Metal halide perovskite nanocrystals have become ideal candidate materials for display technology due to their excellent optoelectronic properties. However, the weak coordination and long-chain structure of traditional ligands (such as oleic acid/oleylamine) lead to severe surface defects and limited carrier transport, restricting the improvement of perovskite light-emitting diode (PeLED) performance. To address this issue, the team led by Rongjun Xie from the School of Materials Science and Engineering at Xiamen University published a research paper entitled "Citrate Ligand Improves Luminous Efficiency of Green Perovskite Light-Emitting Diodes" in the *Journal of Luminescence*. The research team developed a short-chain, strongly chelating citric acid (CA) ligand that forms multiple coordination bonds and hydrogen bonds with the nanocrystal surface through its carboxylic acid group (-COOH) and hydroxyl group (-OH), achieving efficient passivation of surface defects in CsPbBr3 nanocrystals. The green perovskite light-emitting diode constructed based on this strategy achieved a peak external quantum efficiency (EQE) of 13.58%, providing a low-cost and efficient new solution for perovskite surface manipulation.
Ligand Interaction Mechanism
The research team innovatively selected citric acid as the ligand, introducing it into the CsPbBr3 perovskite nanocrystal system through a post-synthetic ligand exchange process. As a multidentate chelating ligand, citric acid's carboxylic acid and hydroxyl groups can stably bind to the CsPbBr3 surface through a dual interaction of bidentate coordination and hydrogen bonding. Density functional theory (DFT) calculations showed that the adsorption energy of the citric acid ligand reached -0.39 eV, significantly higher than the -0.26 eV of the oleic acid/oleylamine ligand, thermodynamically demonstrating its stronger surface binding ability. Fourier transform infrared spectroscopy and X-ray photoelectron spectroscopy further verified the formation of coordination bonds and hydrogen bonds, achieving efficient passivation of surface defects in the perovskite nanocrystals.

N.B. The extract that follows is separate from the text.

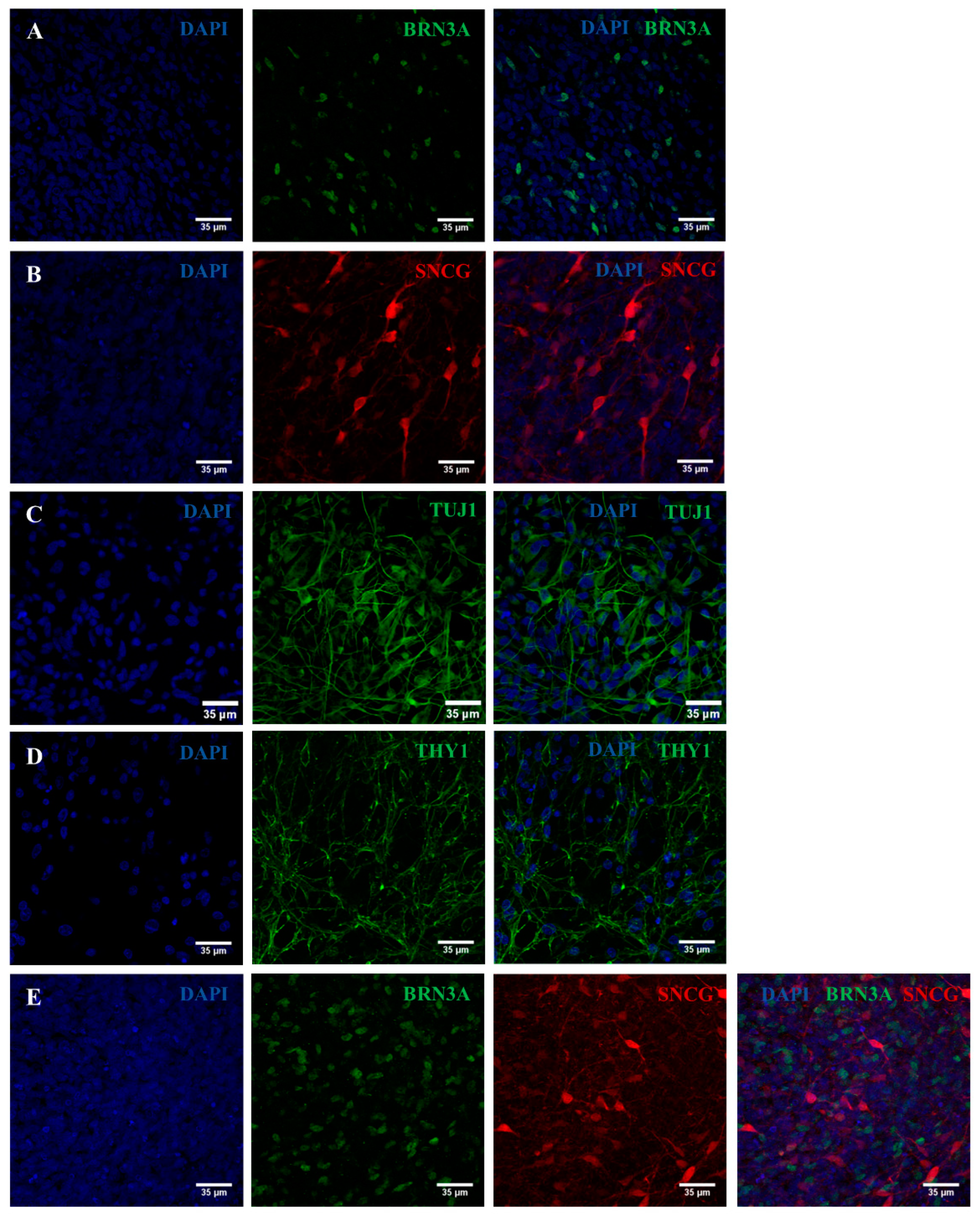 Ijms 25 07240 g005 Ijms 25 07240 g005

Figure 1: Interaction mechanism between CsPbBr3 nanocrystals and surface ligands
Multiple optimizations of nanocrystal optical properties
The modification with citric acid ligands comprehensively enhances the morphology and optical properties of CsPbBr3 perovskite nanocrystals. Morphologically, the modified CsPbBr3 nanocrystals retain their typical cubic phase, with a more uniform average size and significantly improved size distribution concentration, laying a structural foundation for enhanced optical performance.
In terms of optical performance, the modified nanocrystals exhibit excellent characteristics. Their emission peak stabilizes at 513 nm, with the full width at half maximum (FWHM) narrowing to 19.7 nm; the photoluminescence quantum efficiency (PLQY) increases significantly from 67.1% to 95.5%, and the nonradiative recombination rate decreases from 68.5 μs−1 to 5.4 μs−1, demonstrating significant defect passivation. Meanwhile, the citric acid ligand also improved the thermal stability of the material. Even at 100℃, the nanocrystals maintained a high initial fluorescence intensity, and the exciton binding energy was increased to 145.3 meV. This enhanced exciton binding effect ensured that the system maintained the exciton-dominated recombination pathway under high-temperature conditions, thus achieving a synergistic improvement in thermal stability and luminescence efficiency.
Figure 2: Morphology and optical properties of CsPbBr3 nanocrystals
Green perovskite light-emitting diode efficiency significantly improved
Based on citric acid-modified CsPbBr3 nanocrystals, the research team constructed a green perovskite light-emitting diode with an ITO/NiOx/Poly−TPD/CsPbBr3/TPBi/LiF/Al structure, achieving a significant improvement in the device's electroluminescence performance. The device exhibits an electroluminescence peak at 517 nm and CIE color coordinates of (0.099, 0.755), far exceeding the green light standard of the National Television Systems Committee (NTSC) color gamut, demonstrating excellent color purity. Peak brightness is increased to 1208 cd/m², and the peak external quantum efficiency (EQE) reaches 13.58%, 2.9 times that of conventional systems. Peak current efficiency is also improved to 42.93 cd/A. This performance improvement is attributed to the effective passivation of defects through surface ligand engineering, the modulation of carrier recombination pathways, and the optimization of their transport balance.